McAnulty’s observations combine scientific detail with personal engagement.  He is sitting near the sea on some “Silurian hornfels…the result of colliding continents and marine life recovering from extinction,” when some baby wrens hop up to him. As he hears them “drowning each other out with attention-grabbing chirps,” he muses that “this is the sound of our ancestors too, waves in one ear, wren siblings in the other. A two-track stereo. The sound of natural things that influence very other thing, whether we know it or not.”

Is this sense that human beings are woven into a web of natural being, (into “something far more deeply interfused” as Wordsworth put it, or  like Thoreau’s idea of nature as “not of myself, but in myself”)  mere romantic nostalgia for a natural abundance that we have destroyed?

On the contrary, the concept that human beings and nature  interact in mutually beneficial  interdependence is at the heart of contemporary environmental philosophies like Ecosophy and Deep Ecology, which are based on the Gaia Hypothesis that everything on the planet strives for balance in a complex synchronistic network.

McAnulty reaches his conclusions not by philosophical speculation but by direct experience. On a trip to Scotland to collect Goshawk data, for example, he notes that “Dave asked me to hold one of the birds, and as I bring it close to my chest its body heat illuminates me. I start to fill with something visceral. This is who I am. This is who we all could be. I am not like these birds but neither am I separate from them. Perhaps it’s a feeling of love, or a longing. I don’t know for certain. it is a rare feeling, a sensation that most of my life (full of school and homework) doesn’t have the space for. The goshawk wriggles. I settle it down and look into its eyes again – as it grows older the baby-blue eyes will change, become a bright and deep amber….”
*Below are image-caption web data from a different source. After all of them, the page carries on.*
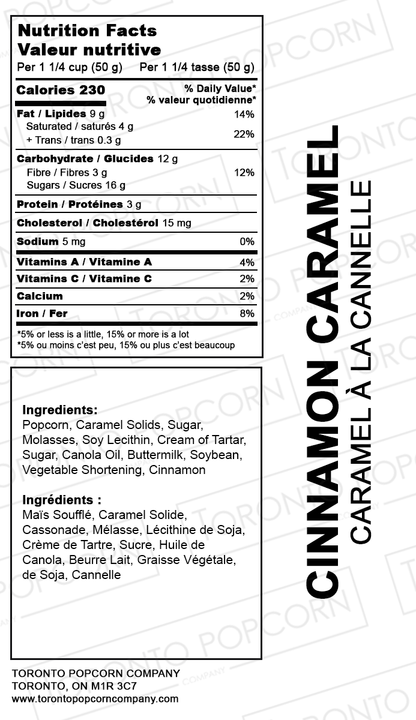 Cinnamon Caramel Popcorn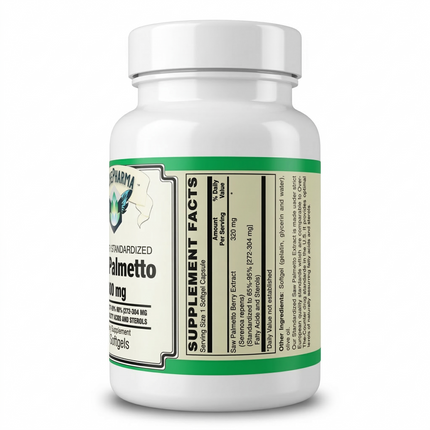 AlchePharma™ European Standardized Saw Palmetto | 320mg High-Potency Extract (85%-95% Fatty Acids)-Herb-AlchePharma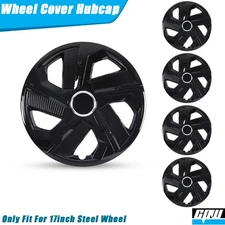 17 Inch Black Lacquer Wheel Covers Snap On Hub Caps for R17 Auto Tire & Steel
Astonishingly, Dara McAnulty  is only 16 years old: he wrote The Diary of a Young Naturalist about the how nature saved him when he was 14 and  suffering from  depression over being viciously bulled for his autism.  Observing the smallest details of the world around him provided a mind-grounding solace, an anchor to still the thrashing waves of “brain chaos,” “pain thrusting” stabs of “quick transitions,” all the “inner torments” and “liquid panic” of  his condition.

“I consolidate myself by thinking, and thinking whilst intensely watching the flight patterns of dragonflies or starlings is explosive or mind-blowing. Who knows where watching sparrows will lead?”

Where it has led this courageous young naturalist, in spite of his paralytic nervousness around people, is to the discovery that when he stands in front of a bullhorn at a School Climate Strike or a microphone on radio or television, he can speak as eloquently as he writes on behalf of the earth and her creatures.

*The Diary of a Young Naturalist will be published in the U.S. by Milkwood Books next spring, but it is readily available to U.S. readers from Blackwell’s (www.Blackwells.co.uk ).  Cover art by Larry Falls.